#### [What is needed]
Would you please transcribe, exactly as written, the lines of the entries below starting at the one that holds "VT license plate NSY080" and ending at the one that holds "Dolce & Gabbana", both included?

#### [Dataset content]
=-=-=

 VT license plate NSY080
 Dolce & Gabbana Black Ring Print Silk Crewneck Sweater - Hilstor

=-=-=

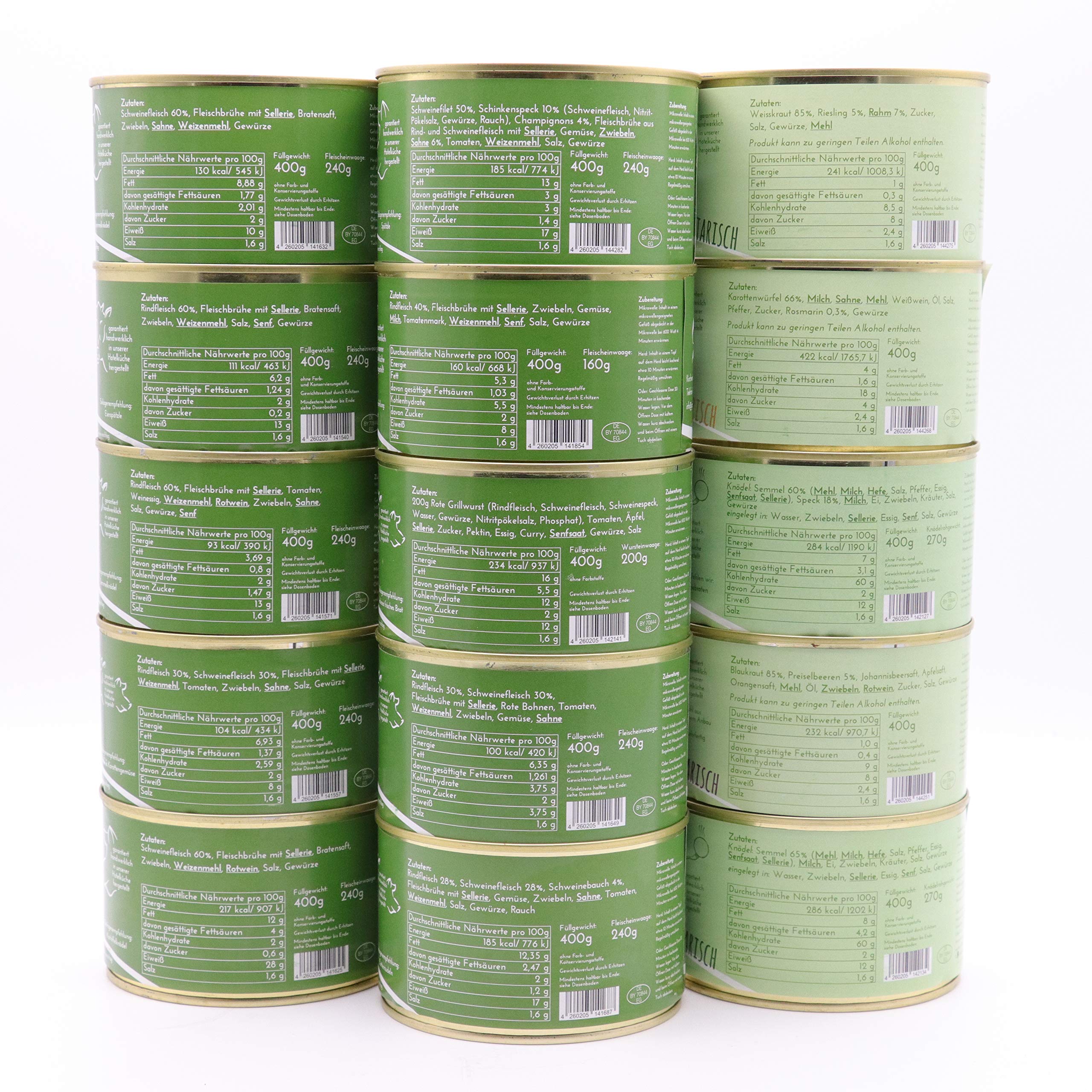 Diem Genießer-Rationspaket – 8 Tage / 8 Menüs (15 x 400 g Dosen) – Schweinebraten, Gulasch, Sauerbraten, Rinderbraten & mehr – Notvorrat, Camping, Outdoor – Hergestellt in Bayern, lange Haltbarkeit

=-=-=

#### [Answer for the task]
 VT license plate NSY080
 Dolce & Gabbana Black Ring Print Silk Crewneck Sweater - Hilstor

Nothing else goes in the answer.